- PROBLEM STATEMENT -
Your answer must hold only the lines below from the line containing "How Do We Do This? | Darkest Dungeon 2" through the line containing "2508 Bay Drive", each reproduced exactly.

Top of THE RECORDS

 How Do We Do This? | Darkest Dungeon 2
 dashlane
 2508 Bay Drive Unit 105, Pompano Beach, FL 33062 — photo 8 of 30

Bottom of THE RECORDS
Top of THE RECORDS

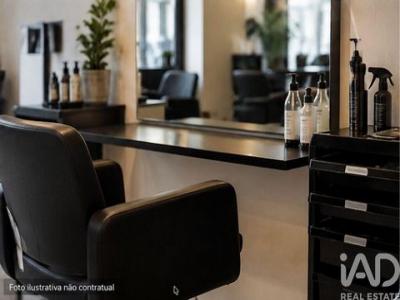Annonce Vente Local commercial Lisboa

Bottom of THE RECORDS
Top of THE RECORDS

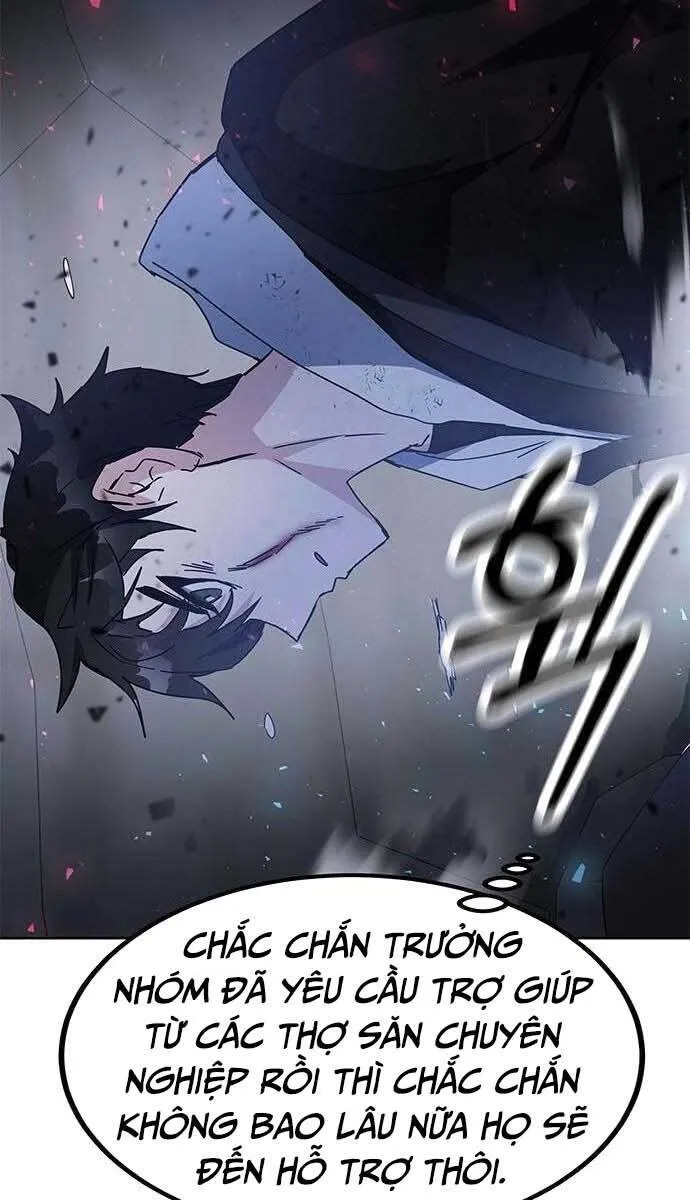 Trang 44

Bottom of THE RECORDS

- ANSWER TO THIS PROBLEM -
 How Do We Do This? | Darkest Dungeon 2
 dashlane
 2508 Bay Drive Unit 105, Pompano Beach, FL 33062 — photo 8 of 30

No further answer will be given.